"Joy and pleasure are as real as pain and sorrow and one must learn what they have to teach. . . ." -- Sean Russell, from Gatherer of Clouds

"If you're not having fun, you're not doing it right." -- Helyn D. Goldenberg

"I love you and I'm not afraid." -- Evanescence, "My Last Breath"

“If I hear ‘not allowed’ much oftener,” said Sam, “I’m going to get angry.” -- J.R.R. Tolkien, from Lord of the Rings

Sunday, November 26, 2006

Competition

An interesting story from my streaming headlines this morning, about a prison industry in Maryland:

Beeson said inmates who work in the plants tend to re-offend and return to prison at about half the rate of those who don't. Inmates must have a high-school diploma or GED to work for the agency, which can help with their schooling.

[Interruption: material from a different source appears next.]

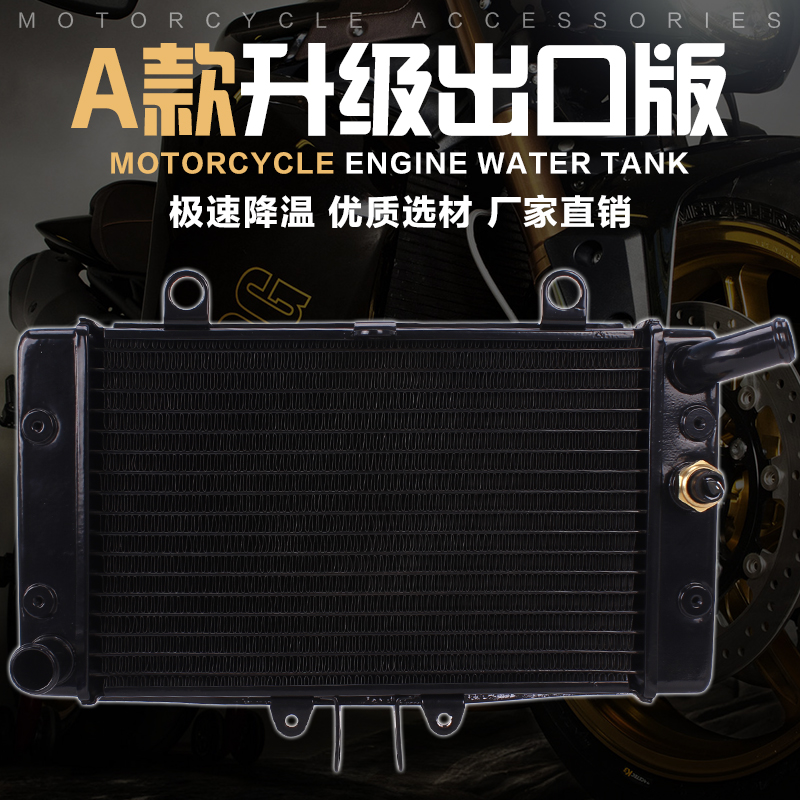 摩托车 适用本田 CB-1 水箱总成 水冷散热器 发动机散热器 水冷器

Damn. A prison program that works. Now, if we could just decide exactly why it is we have prisons in this country -- rehabilitation? punishment? deterrent?

But of course, enter the fly in the ointment:

Private furniture makers aren't as keen on prison industries. The Independent Office Products and Furniture Dealers Association, based in Arlington, Va., supports a bill passed in September by the U.S. House of Representatives that would require Federal Prison Industries Inc. to compete on a more even footing with the private sector for federal contracts. A 2004 law ended its monopoly on supplying office furniture and other items to federal agencies, but left it with some advantages, said Michael Ochs, the trade group's director of government affairs.

He said the association has concentrated on the federal, not the state level. But Ochs said state prison industries - and every state has such an agency - also cut into private industry sales.

"We would like to see open and fair competition where the industry can compete on an equal footing," Ochs said.


This stopped me for a mnute. Of course, on the face of it, a business that is paying its workers a dollar or two a day is certainly at an unfair advantage, or it would seem to be. Until you read a little farther.

Beeson said Maryland Correctional Enterprises tries to limit its negative economic impact on the private sector by producing things not made by Maryland companies.

"Every year we study it, and for the whole state of Maryland, we constitute less than 3 percent of anyone's business in any one category," he said.


Less than three percent. And the private industry association thinks that's too much. They want a level playing field. Open and fair competition. For the three percent of the market that they don't have.

Cue violin.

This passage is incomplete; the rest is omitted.